# Data to process
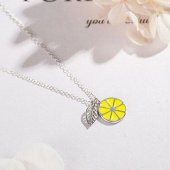 Gümüş Kaplama Limon Bayan Kolye - 2
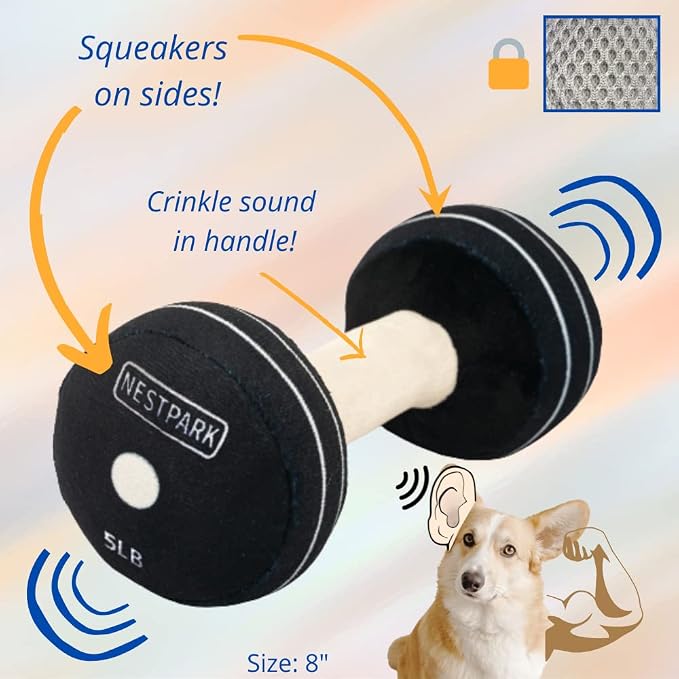 Nestpark Doggy Dumbbell - Funny Dog Toys Fitness Workout Parody Cute Dog Toys (Dumbbell)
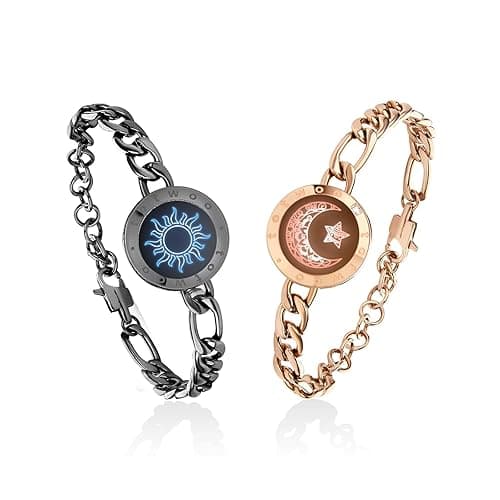 TOTWOO Touch Bracelets for Couples, Vibration & Light up for Love Couples Long Distance Relationship Gifts for Girlfriend Bluetooth Pairing Jewelry - 2-Figaro Chain/ Black Rose Gold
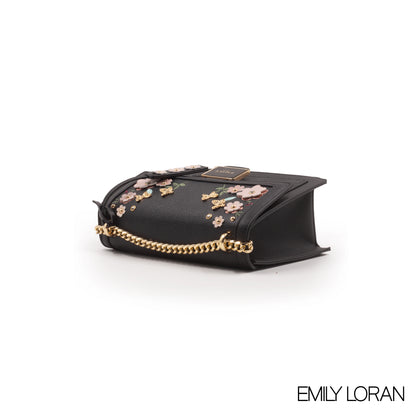 LEATHER CROSSBODY BAG WITH FLORAL , BUTTERFLY EMBROIDERY -MED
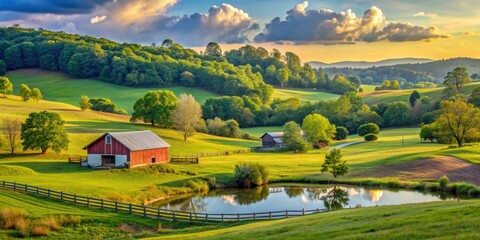 Peaceful countryside landscape in Cookeville, Tennessee, Tennessee, Cookeville, countryside, rural, serene, tranquil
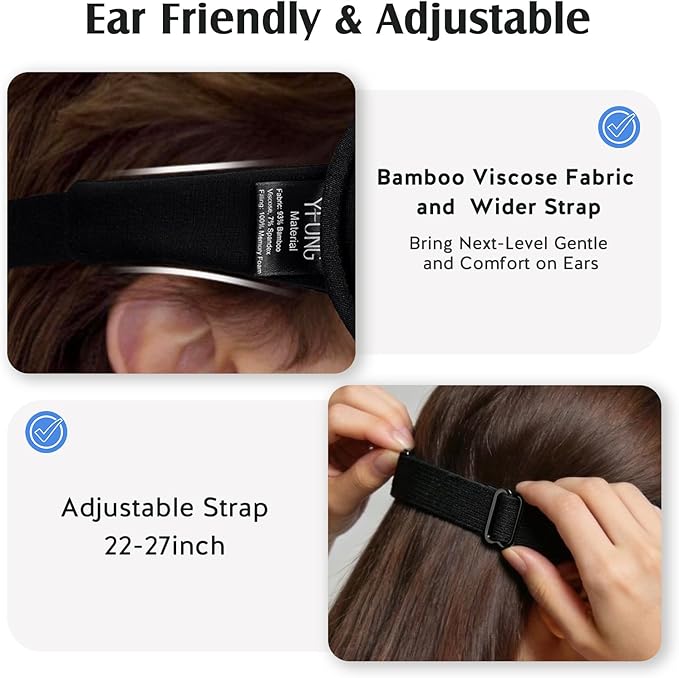YFONG Sleep Mask for Lash Extensions, Bamboo Viscose & 100% Blackout Eye Mask for Sleeping Women Men, Soft 3D Contoured Zero Eye Pressure Blindfold for Travel, Breathable & Adjustable Eye Cover, Black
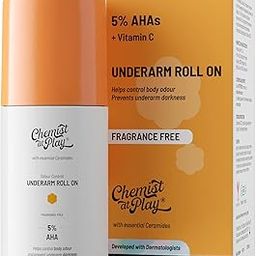 Chemist at Play UnderArm Roll-On with 5% AHA, Lactic Acid & 1% Mandelic Acid | Prevents Body Odour, Brightens Skin & Exfoliates Underarm | For Sensitive Skin | Fragrance Free | Alcohol Free - 40ml-17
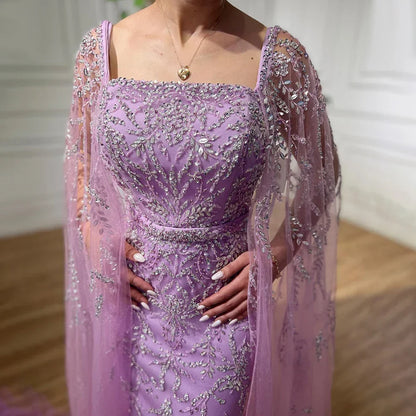 Dubai Luxury Feathers Lilac Evening Dress with Cape Sleeves LA71841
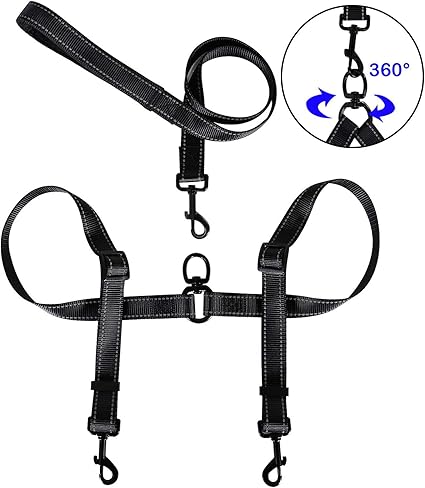 Tacobear Double Laisse Chien Laisse Du Chien Aucun Raccord Double Nœud Doublement Fil Réfléchissant Réglable Trainer De Marche Pour Deux Chiens Gros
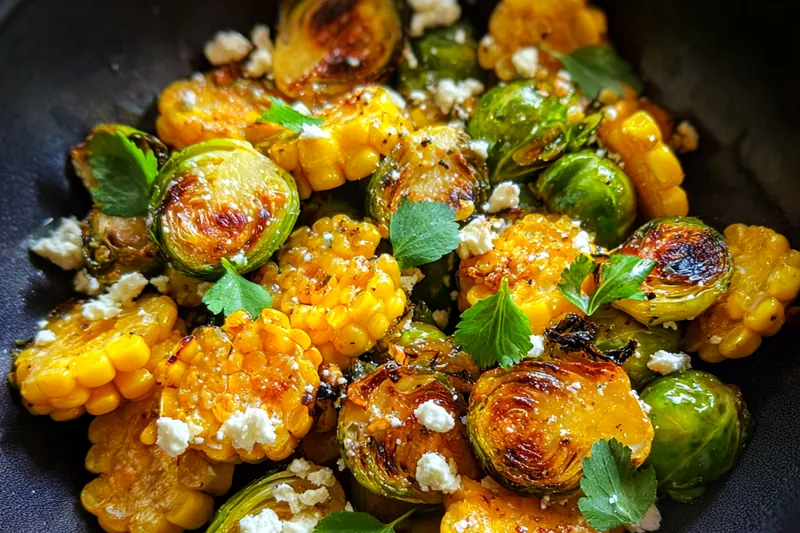 Fresh ingredients for Grilled Corn Brussels Medley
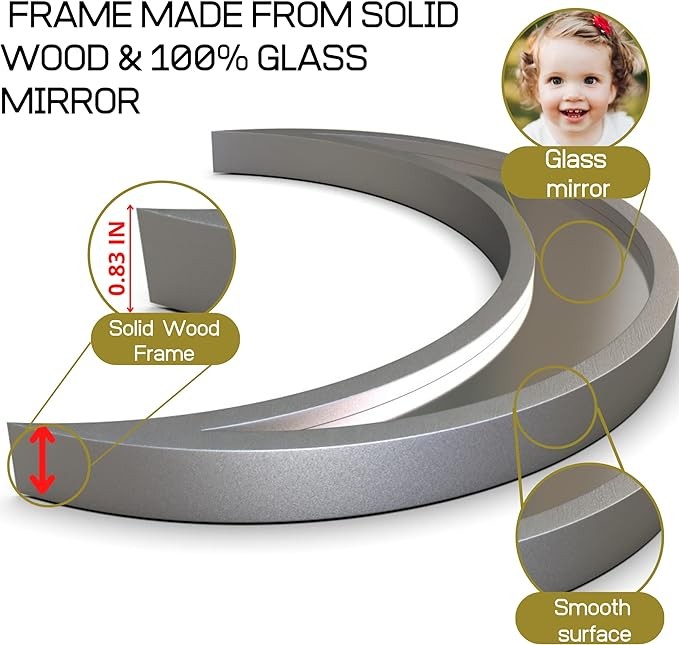 Black Magic Witch Moon Mirror - Announcing Love Bedroom Wall Decor - Moon Phase Mirror Set Modern Decor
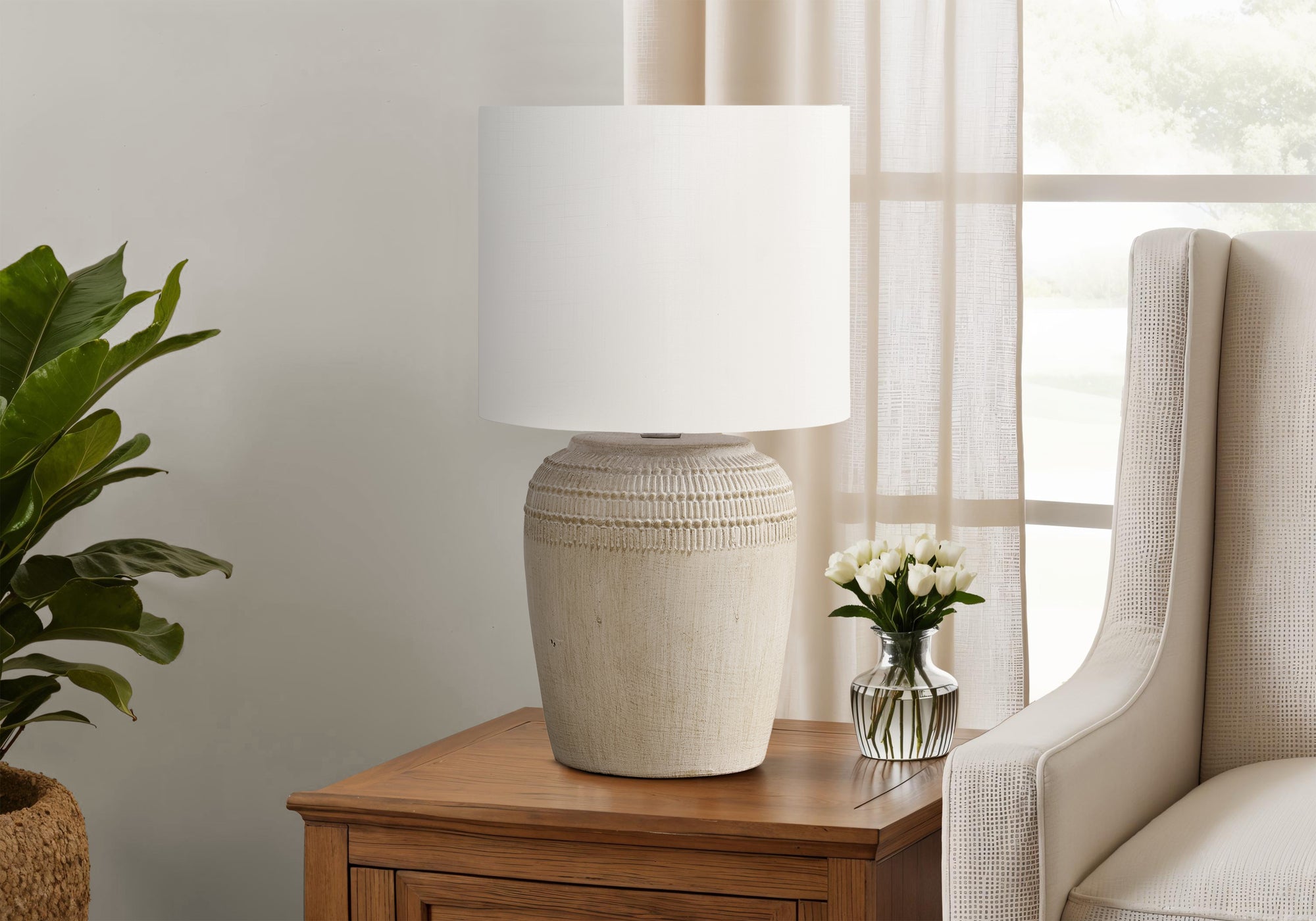 MN-649779    Lighting, 17"H, Table Lamp, Beige Ceramic, Ivory / Cream Shade, Contemporary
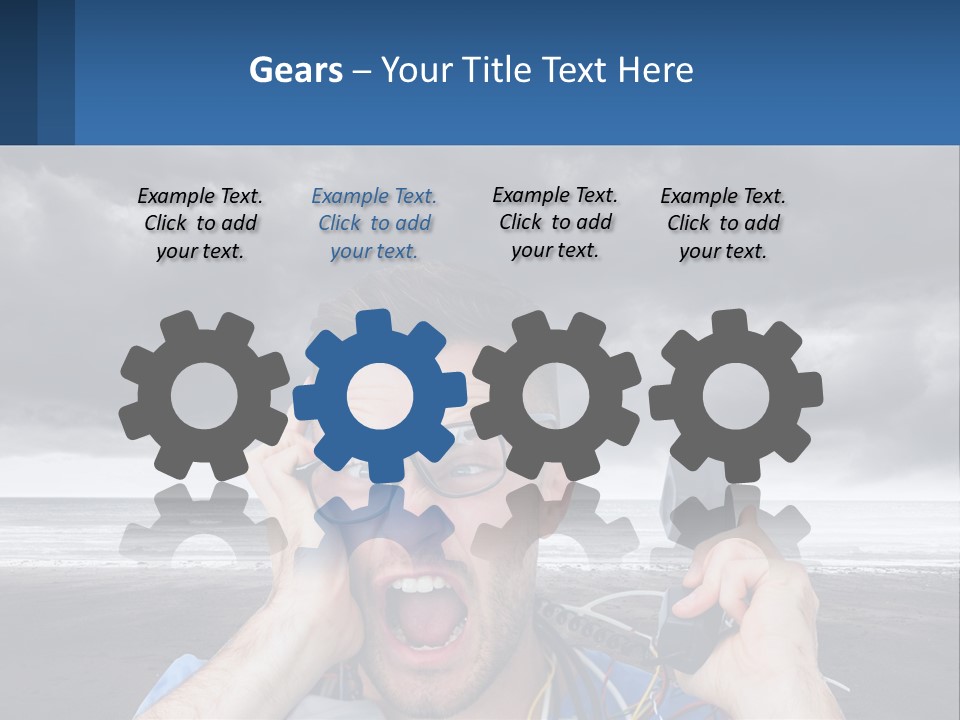 A Man Holding A Cell Phone Up To His Face PowerPoint Template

# Task requirements
Starting at the line containing "Peaceful countryside landscape" and stopping at the line containing "YFONG Sleep Mask", output each line exactly as it appears above. Leave out the pictures.

# Answer space
 Peaceful countryside landscape in Cookeville, Tennessee, Tennessee, Cookeville, countryside, rural, serene, tranquil
YFONG Sleep Mask for Lash Extensions, Bamboo Viscose & 100% Blackout Eye Mask for Sleeping Women Men, Soft 3D Contoured Zero Eye Pressure Blindfold for Travel, Breathable & Adjustable Eye Cover, Black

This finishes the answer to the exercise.